(Pictures with short captions)
========================================

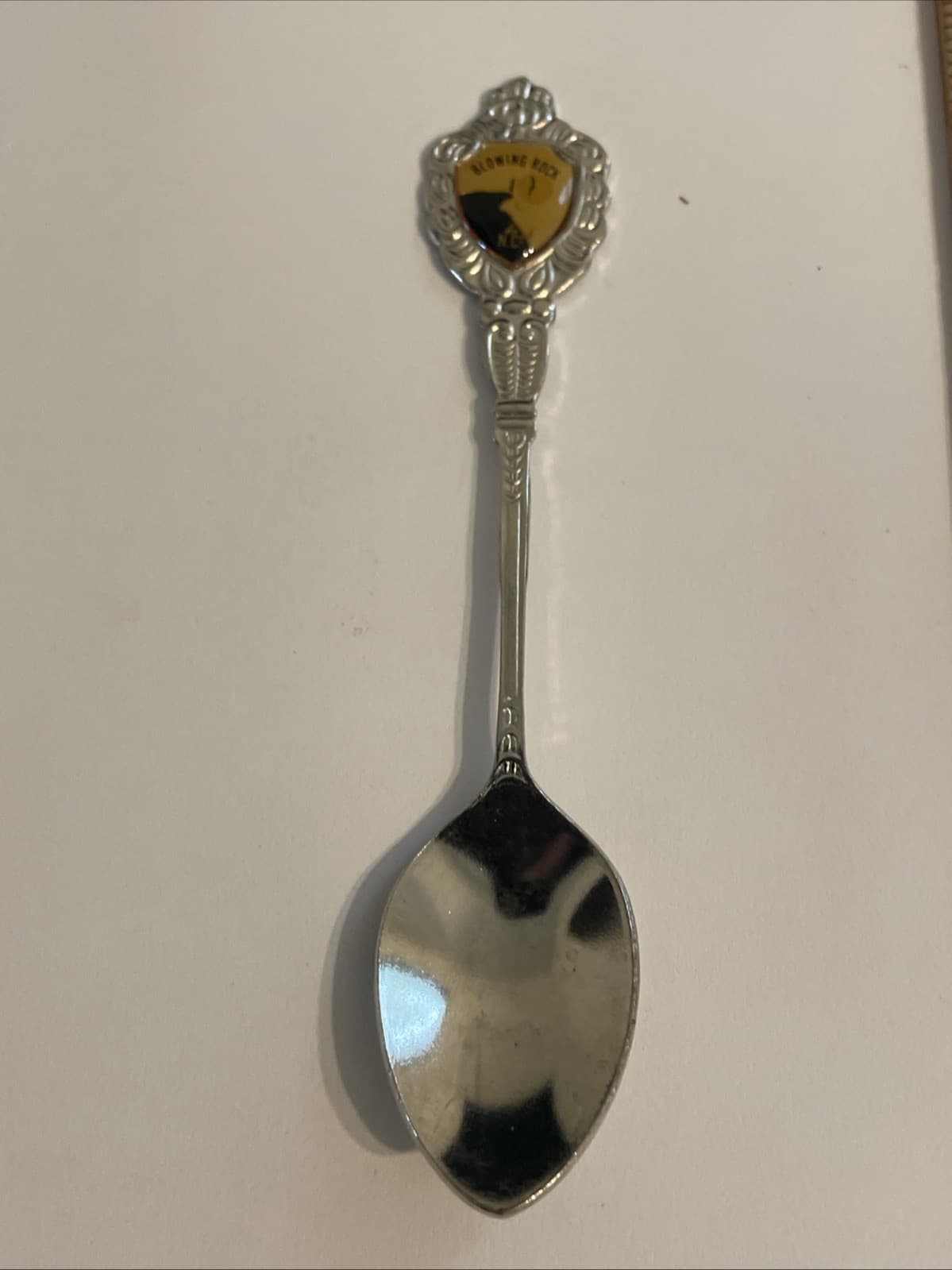 Blowing Rock North Carolina Spoon Vintage Souvenir  Spoon Collectible 2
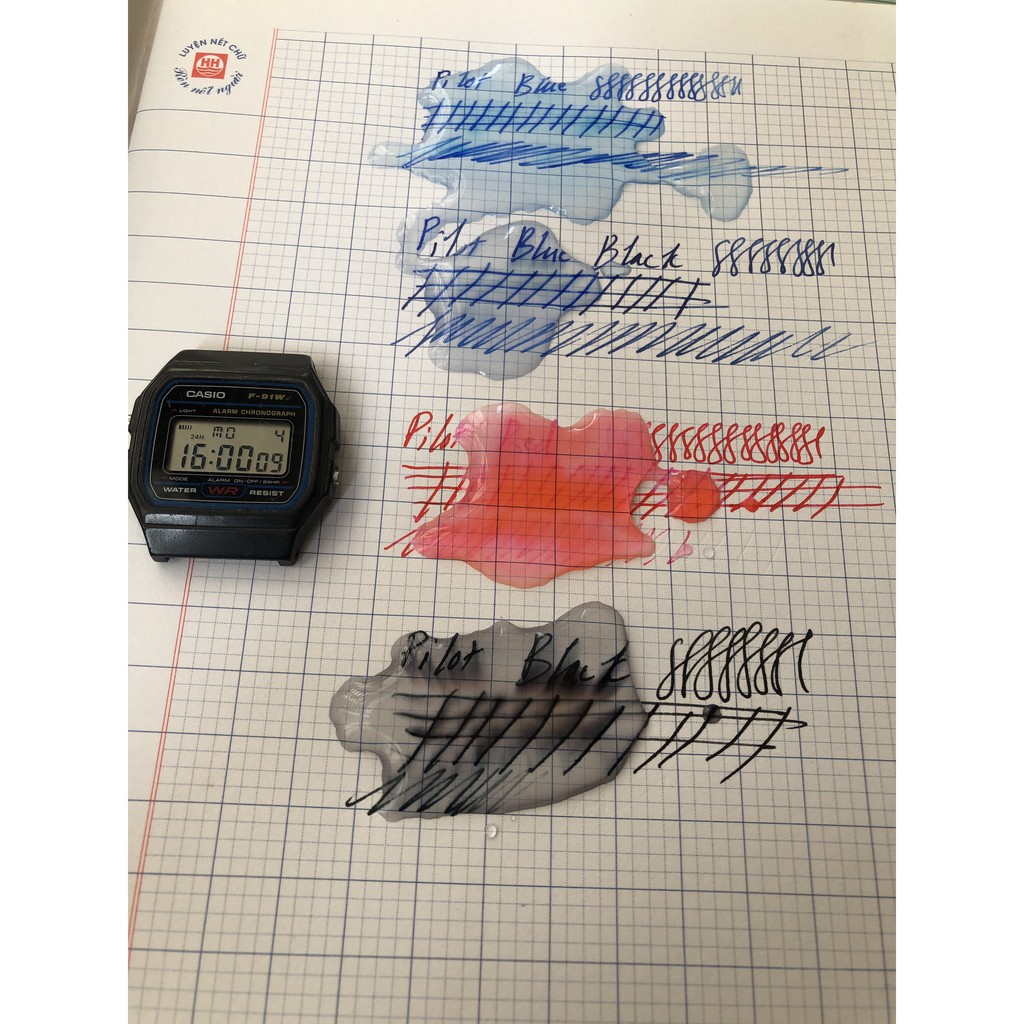 MỰC BÚT MÁY PILOT INK-30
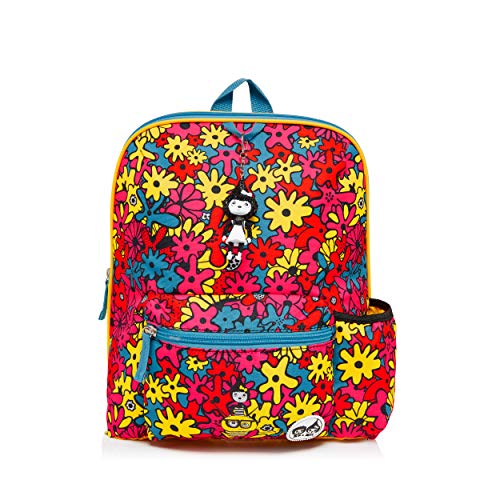 Zip & Zoe Mochila Infantil, Floral Brights (Multicolor) - BM 7614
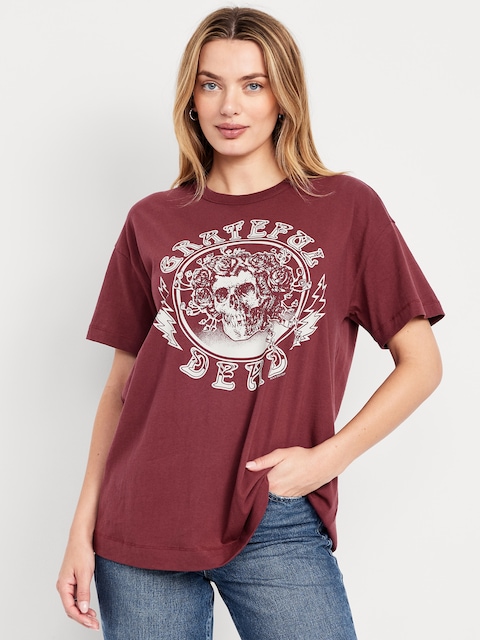 T-shirt surdimensionné Grateful Dead™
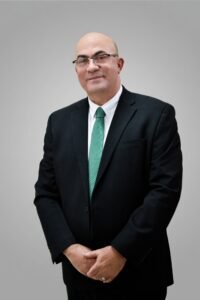 Carlos José Hernández Sánchez director de la Regional Cibao Sur el INFOTEP -
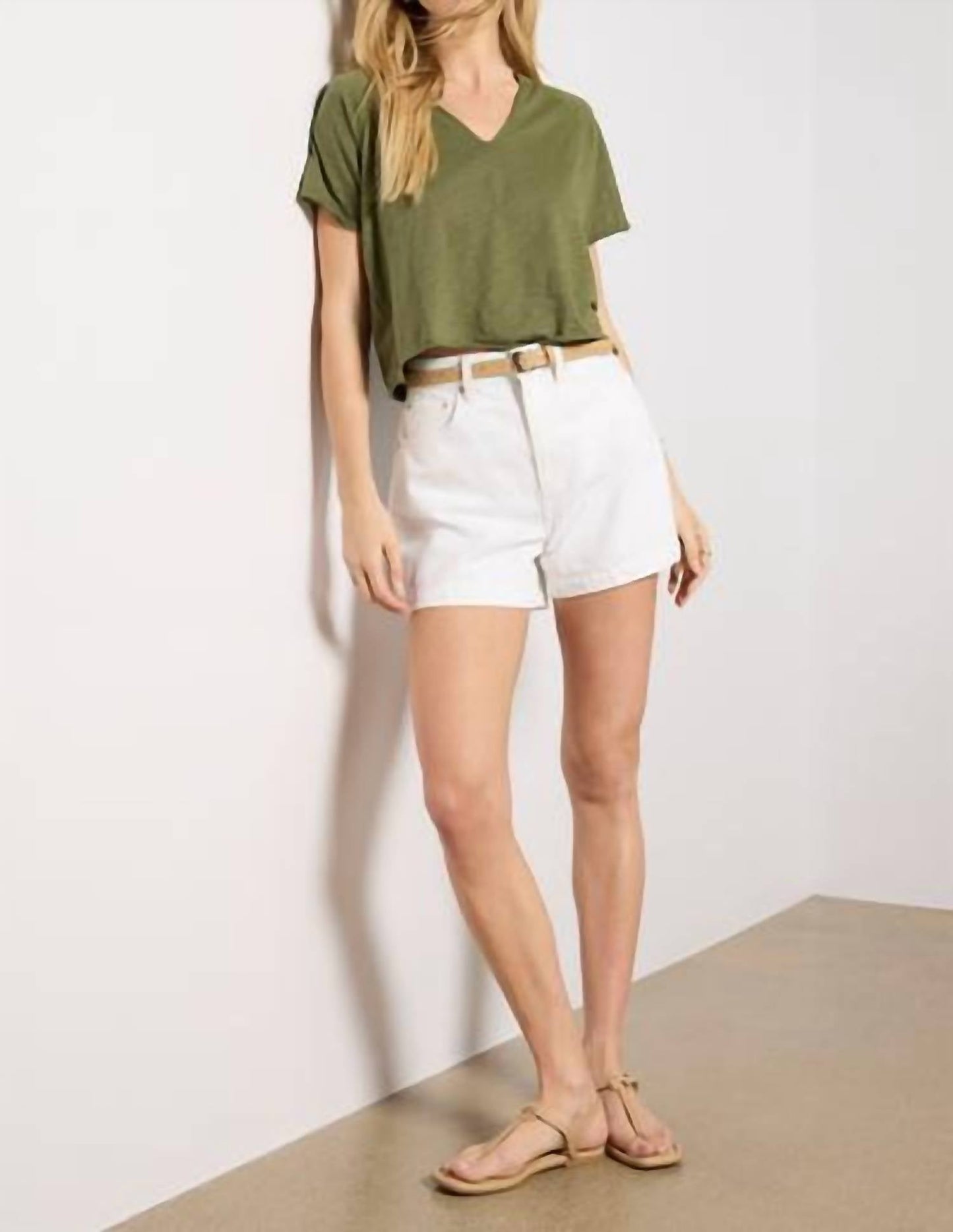 Pistola - Saige High Rise Shorts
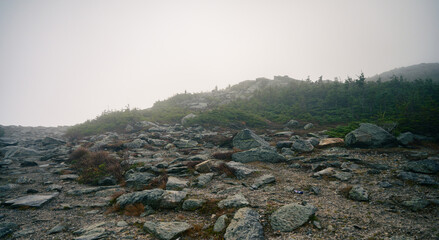 morning in the mountains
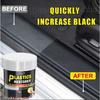 150g Car Plastic Restorer Back To Black Gloss Car Cleaning Products Plastic Leather Restore Auto Polish Repair Coating Renovator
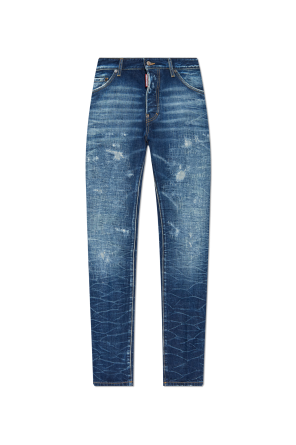 Navy blue Jeans Super Twinky Dsquared2 - Vitkac France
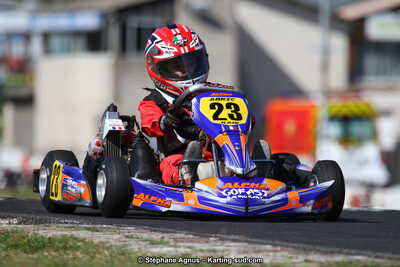 8 & 9/04/2017 : 2ème manche du Championnat du Sud 2017 à Ganges (Photos Stéphane Agnus) 2017 — karting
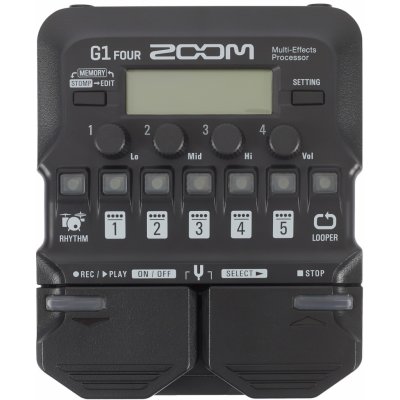 Zoom G1 Four – Zboží Dáma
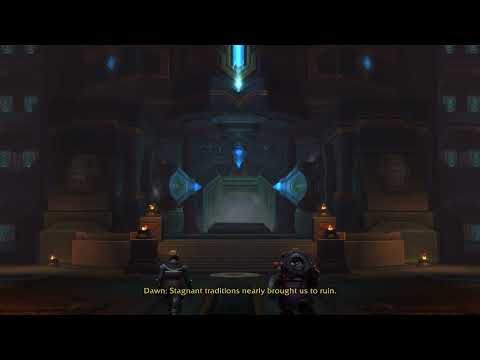 World of Warcraft Earthen Allied race opening Cinematic.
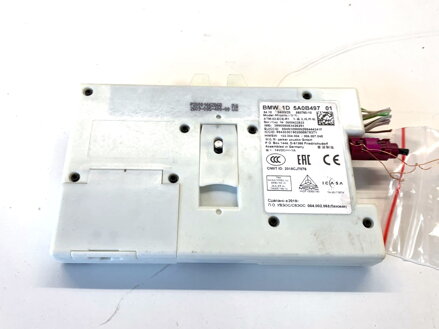 Modul telematic BMW X5 (G05, F95) 2018 - 5A0B497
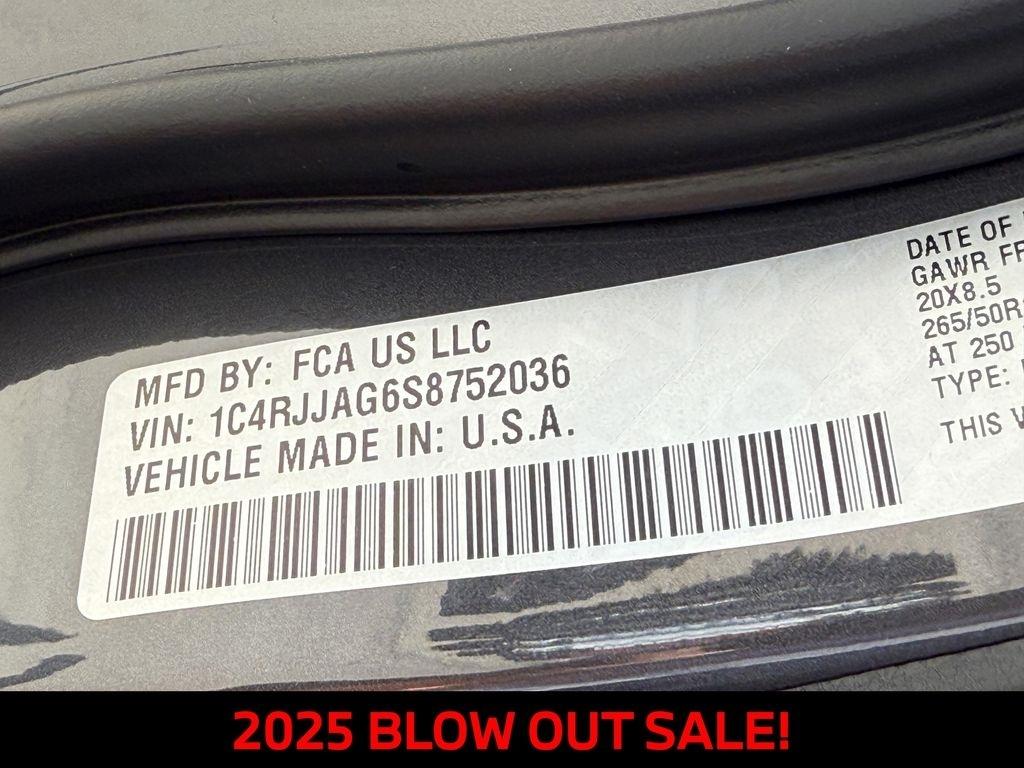 Jeep Grand Cherokee L Laredo 2025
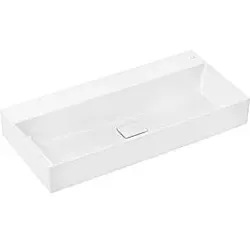 hansgrohe Xevolos E Waschtisch 61101450 1000x480mm, ohne Hahnloch/Überlauf, SmartClean, weiß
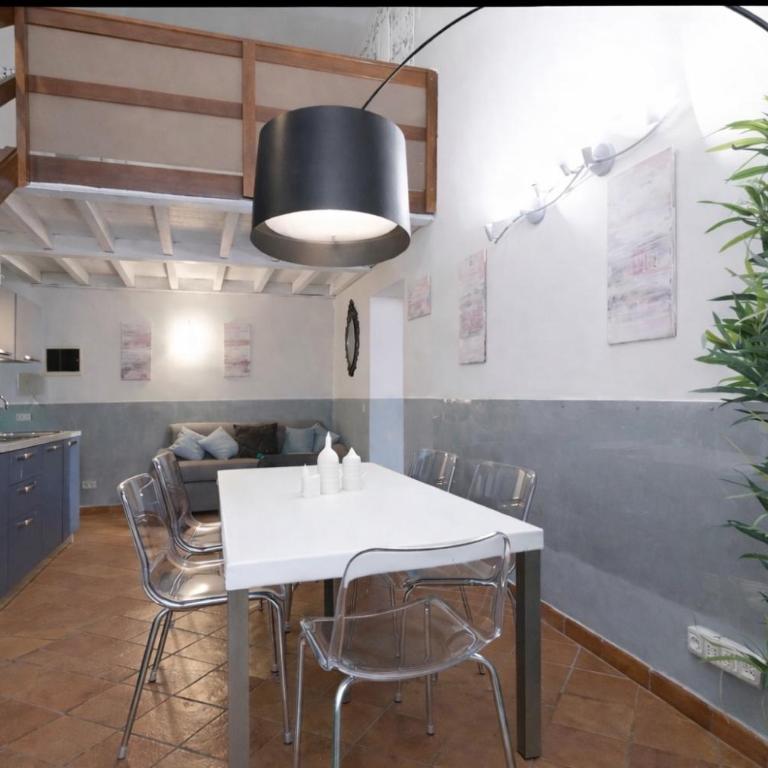 Pantheon Grand Loft, Spacious and Bright for 8 Via dei Cestari - Appartamento con 2 Camere da Letto - 3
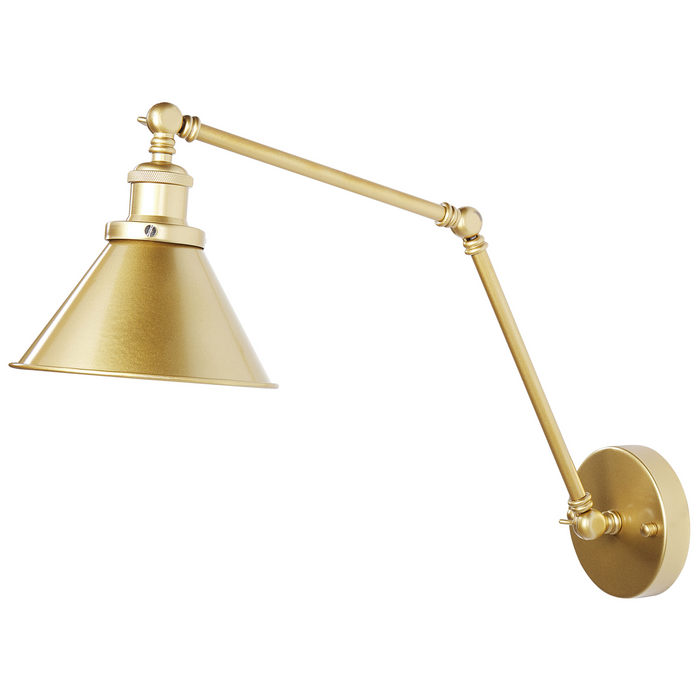 Beliani - NARVA - Wandlamp - Goud - Metaal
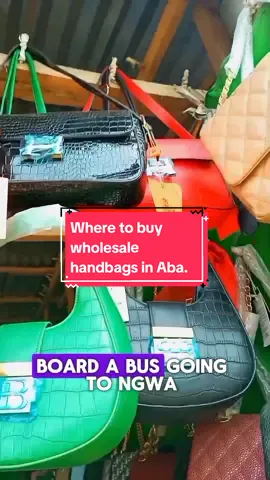 Where to buy handbags in wholesale in ABA, Abia state. #aba #abiastate #travellife  #ariariamarket 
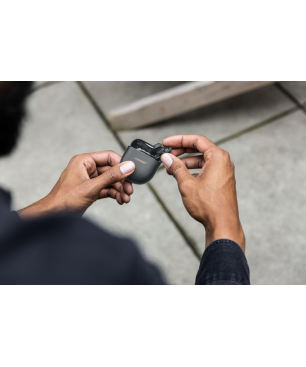 BOSE QuietComfort Earbuds II True Wireless, In-ear Kopfhörer Bluetooth Eclipse Grey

========================================

Task details: Beginning with the line that has "8 & 9/04/2017", repeat each remaining line of the data above word for word, keeping pictures out.

Response to the task:
 8 & 9/04/2017 : 2ème manche du Championnat du Sud 2017 à Ganges (Photos Stéphane Agnus) 2017 — karting
 Zoom G1 Four – Zboží Dáma
 World of Warcraft Earthen Allied race opening Cinematic.
 Modul telematic BMW X5 (G05, F95) 2018 - 5A0B497
 Jeep Grand Cherokee L Laredo 2025
 hansgrohe Xevolos E Waschtisch 61101450 1000x480mm, ohne Hahnloch/Überlauf, SmartClean, weiß
 Pantheon Grand Loft, Spacious and Bright for 8 Via dei Cestari - Appartamento con 2 Camere da Letto - 3
 Beliani - NARVA - Wandlamp - Goud - Metaal
 Where to buy handbags in wholesale in ABA, Abia state. #aba #abiastate #travellife  #ariariamarket 
 BOSE QuietComfort Earbuds II True Wireless, In-ear Kopfhörer Bluetooth Eclipse Grey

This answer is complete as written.